Adventures of a London Despatch Rider, part three
by
, 8th May 2009 at 12:36 (1920 Views)
One of the best things about MM was the controller, though I forget his name. Usually controllers are ex riders so they know all the tricks, and they also know London well, very well indeed. MM controller was great. He never pushed you, enjoyed a sharp dry wit, (really important when it was dark, miserable and chucking down), was on your side in difficult deliveries and kept his humour when you’d deliver to the Barbican. The Barbican is a sprawling concrete acreage of 70’s tower blocks, no entries, blank doors and identical endless corridors. No matter how you approached it’s always the wrong end and nobody was ever around to sign. Oh and your radio cracked out. In the Barbican no one can hear you scream, especially inside a helmet.
He would also get onto the ambulance fast when a rider went down. Radio discipline was always very good but you could hear the silence when this happened, wondering if you were near enough to help, how bad, and which call sign was absent. Either way jobs still had to be delivered and your part in life had to go on; money had to be earnt, the rent paid etc. London doesn't stop. Some places were notorious, the Hammersmith flyover for me. Very greasy in the first rain with that razor steel amoco barrier and no real hard shoulder to slide off onto safety, meaning traffic behind would roll over you. By and large a fall is OK even at high speed, it really depends on what you hit and what hits you when sliding along on the deck. I always smelt fear there and it took everything I had to relax and let the Honda find it's own way, especially coming into town on that last downwards bit. I can see the rear of those lorries approaching now.

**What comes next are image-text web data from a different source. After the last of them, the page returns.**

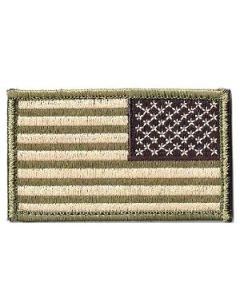 American Flag Reversed Patch OD Green & Tan w/hook backing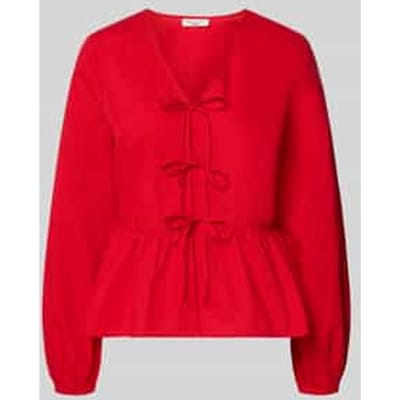 Slim fit blouse met lange mouwen van puur katoen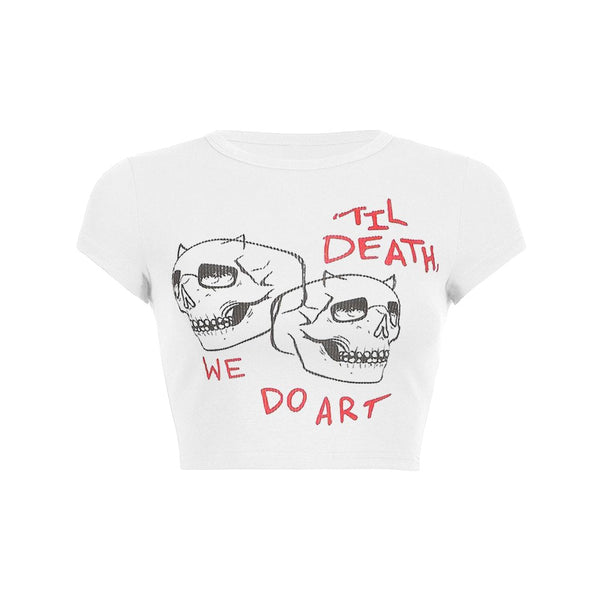 Skull Art Lovers Crop Top Baby Tee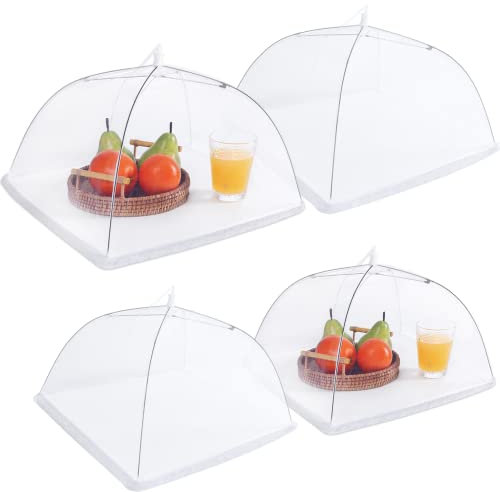 JULBEAR Extra Große Fliegenhaube, 4 Stück Mesh Abdeckhauben für Lebensmittel Faltbare Lebensmittelabdeckung für Partys Picknicks BBQ(42x42cm,36x36cm)
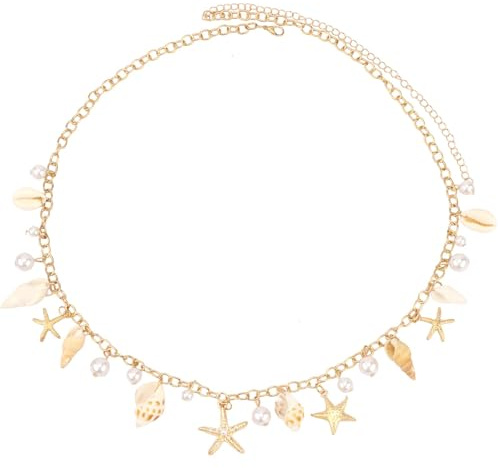 Vintage Metall Taillenketten,Muschel Seestern Taillenkette,Bauchkette für Frauen Bauchkette Metall Quaste Kettengürtel Verstellbare Body Link Gürtel Strand Bauchnabelschmuck Accessoire Für Damen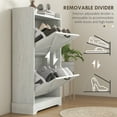 thumbnail image 6 of HOMCOM Slim Shoe Cabinet, Farmhouse Hidden Shoe Storage Cabinet with 2 Flip Drawers and Adjustable Shelves for 8 Pairs of Shoes, Distressed White, 6 of 9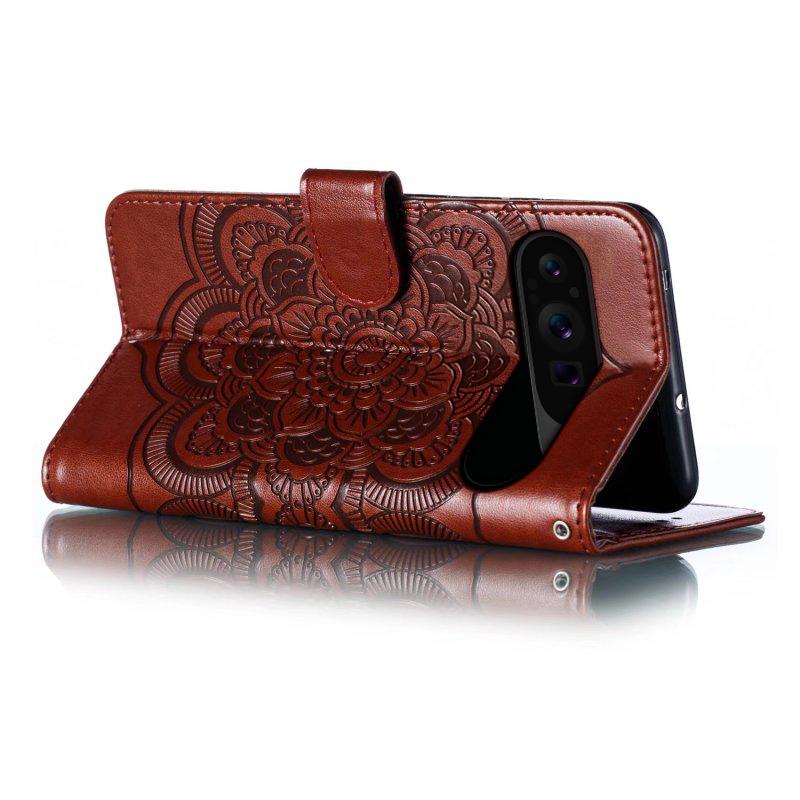For Google Pixel 10 Pro XL/9 Pro XL Case PU Leather Mandala Imprinted Design Wallet Phone Cover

Only once did the controller ask for urgency and that was to get a passport to Terminal Three from E4. By some fluke the route out onto the Hammersmith (dry for a change) flyover and the M4 was, by bike standards free running. I kept things easy on the motorway (pure fiction here) at around 85/90 mph as a speed booking wouldn't get the passport delivered. Turning off through a couple of quick roundabouts and things were still going well, a bit too well I thought and sure enough two cars pranged on the next roundabout. No one seemed injured and I jetted off down the dual carrageway right into a waiting bike cop on the next roundabout, the one with Concorde on it. I pulled up right under his nose sharpish like and told him (though the helmet) about the accident. He seemed taken a bit on the back foot by this and said he already knew about it. I thought about asking why he wasn't there helping, but not pushing my luck, I engaged first, nodded, waved, then zoomed off (well not too speedy) into the chaos of Terminal Three. It was a disbelieving and very relieved customer I found. We picked each other out more or less the same time no doubt helped a full helmeted human clutching a package in such a security conscious zone. I think the whole job one way took well under 30 minutes, it was one of those rare days when even the traffic lights were in phase. On the return, again pure fiction, just before the motorway ended and no speed cameras with not much traffic, I let the Honda loose. It was just quick as my CBX1000, but felt so much safer and with half it's cc, now where were those French Nuns in their 2CV?